しかし、粘土が肉厚になればなるほど、焼成時に内外の温度差から割れが生じやすくなってくる。その対策に、粘土に大量の砂を混ぜ、温度が伝わり易くしなければならない。そして砂を混ぜて粘りが弱くなった分を、ノリなどを更に混入して補わなければならない。
縄文土器の紋様は、一見ひも状の粘土を貼り付けたようなものが多く見える。しかし、砂やノリを混ぜた粘土をひも状にすることはけっこう難しいし、「貼り付ける」という手法は空気が混入しやすいので、よほど気をつけないと割れや剥離の原因になってしまう。
実際には「ひもを貼り付ける」より、「押し付ける」または「溝を刻み込む」手法の方が合理的であると理解できてくる。
肉厚の土器の表面全体に深く溝を刻んでみると、何も刻まない状態より表面積がかなり広くなる。そうすれば乾燥が速くなるし、焼いたときの温度も全体に上がりやすくなる。
「表面に丹念に紋様を刻み込む」という呪術を施すことにより、土器がうまく焼きあがる可能性がアップしてくることになるのだ。

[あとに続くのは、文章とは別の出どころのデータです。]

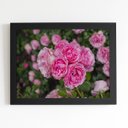 Ver imagem 1 de Quadro Rosa Flores Planta Natureza Moldura Preta 60x40cm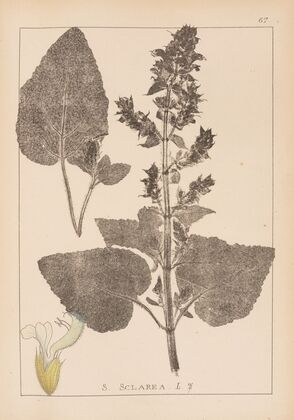 Herbier de la flore française Pl.0807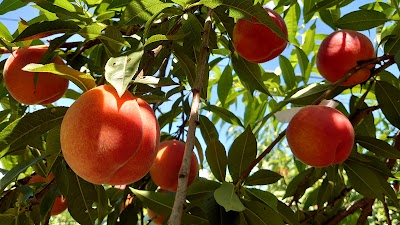 バード和田農園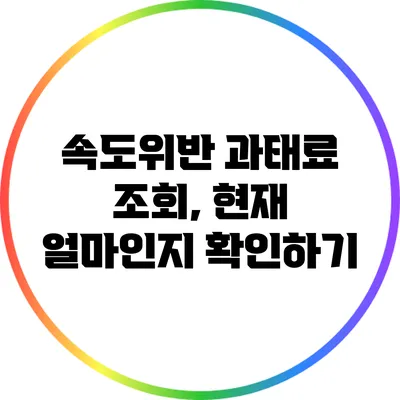 속도위반 과태료 조회, 현재 얼마인지 확인하기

縄文の生活は、それ以降の時代より場所の移動頻度が高かった。
土器を作るための土も、生活場所が変わるたびに質の違うものを使用しなければならなかっただろう。
土がころころ変わるということは、実際に手にとってこねてみるまでどんな造型が可能か判断がつきにくいということだ。

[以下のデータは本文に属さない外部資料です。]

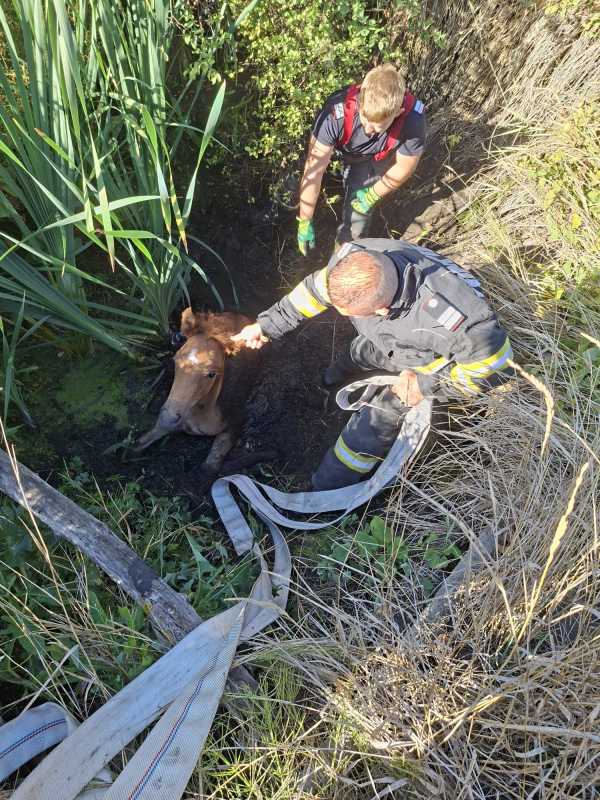 Vaslui: Mânz salvat de pompieri dintr-un șanț plin cu apă și noroi, în zona Delea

縄文土器のあのリズム感溢れる造型や紋様は、土をこねて感触を確かめながら、その場その場で即興演奏のように生み出されてきたのではないか?
ふとそんな空想も浮かんでくる。
それは縄文人の生活スタイルである、「出たとこ勝負の狩猟採集生活」にも相応しい制作風景だと思えてくるのだ。